Looking ahead, we are also planning to integrate AI tools into our systems, particularly for forecasting cost and schedule risks.
What steps is EPI taking to align its operations with the National Infrastructure Pipeline (NIP) and PM Gati Shakti Master Plan?
We are fully aligned with the vision of the National Infrastructure Pipeline and the Gati Shakti Master Plan. The NIP, which outlines a long-term investment roadmap for infrastructure development across sectors, provides us with a clear direction for where the country is heading. Over the past year, we have reoriented our business strategy to align with this national vision, focusing on priority sectors such as logistics, urban infrastructure, healthcare, education, and overall connectivity.
Under the Gati Shakti framework, we are actively participating by undertaking projects that directly contribute to it. These include railway stations, airports, bus depots, warehousing facilities, and industrial parks. We are enhancing our capabilities in these areas to support faster, more coordinated infrastructure delivery.
Looking ahead to FY 2025–26 and beyond, what are the three top priorities you’ve set for EPIL as CMD?
Looking ahead, our focus is clear and aligned around three key priorities.
The first is to improve revenue, profitability, and execution excellence. We are targeting a turnover of over Rs 2,000 crores by FY 2026. We believe this is achievable through a combination of business in both our core sectors and new emerging areas, smarter contracting, tighter cost control, and enhanced operational efficiency across all projects.
The second priority is to expand our presence in green and smart infrastructure. We are working on pilot initiatives in solar EPC, EV charging infrastructure, and other renewable energy segments. We are actively exploring partnerships with technology providers to ensure that this transition is both technically sound and commercially viable.

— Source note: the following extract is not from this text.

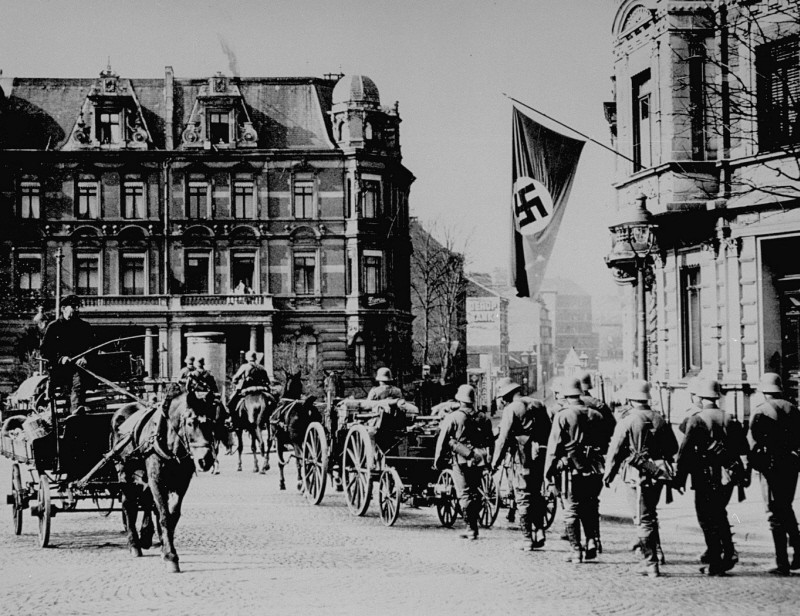 German forces enter Aachen, on the border with Belgium, following the remilitarization of the Rhineland.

And third, we are accelerating our digital and structural transformation. This includes completing the ERP rollout, strengthening our internal MIS, and building systems that make us ready for future partnerships.
What is your vision for EPI’s global expansion over the next five years, and how do you intend to de-risk international operations in volatile geographies?

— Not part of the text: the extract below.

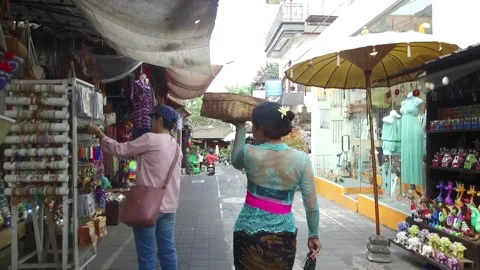 Lady Vendor walking through local Market in Bali, Indonesia Stock Footage 131154334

Our vision for global expansion is to build a strong, stable, and diversified international presence, especially in regions where India has long-standing diplomatic and commercial relationships. At present, our focus is on Africa, South Asia, and the Middle East.
EPI already has a solid foundation to build on. In the past, we have successfully executed 33 projects across 10 foreign countries, which gives us valuable experience and credibility in overseas markets. We currently have an active project office in Oman, which serves as a gateway to the Gulf region.

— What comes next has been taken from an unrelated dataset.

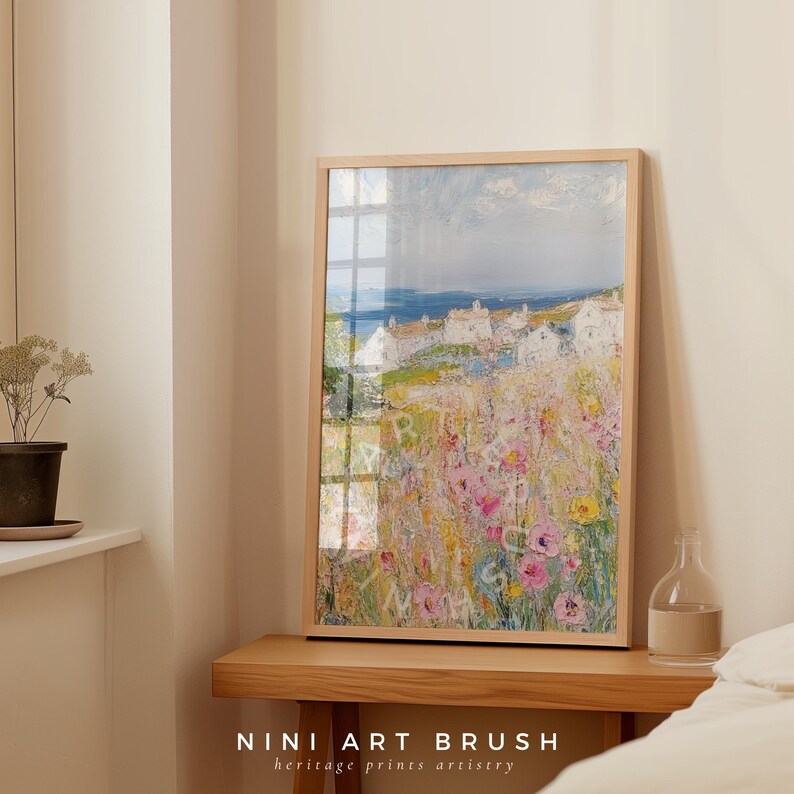 Op de afbeelding: Een ingelijst schilderij van een kustsc&egrave;ne met witte huizen en een veld met roze en gele bloemen. De lucht is blauw met witte wolken. Het schilderij is in een lichte houten lijst.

A key pillar of our international strategy is to participate in Line of Credit projects funded by the Ministry of External Affairs and Exim Bank of India. These projects offer greater stability and are well aligned with our strengths as a government-owned project management and construction company.
We also plan to form strategic joint ventures and local alliances in host countries. This helps us navigate local regulations, build trust, and reduce operational risks. At the same time, we are very mindful of the complexities and uncertainties that come with international operations. To mitigate these, we are focusing on structured risk-management measures such as securing sovereign guarantees, adopting milestone-based payment models, and setting up escrow mechanisms where necessary.
To support all of this, we are also setting up dedicated international business cells that bring together technical, financial, and legal expertise to guide our expansion.
The broader vision is to position EPI as a trusted partner of the government in taking Indian project management and engineering expertise to the global stage, while ensuring that we remain financially sound and operationally resilient.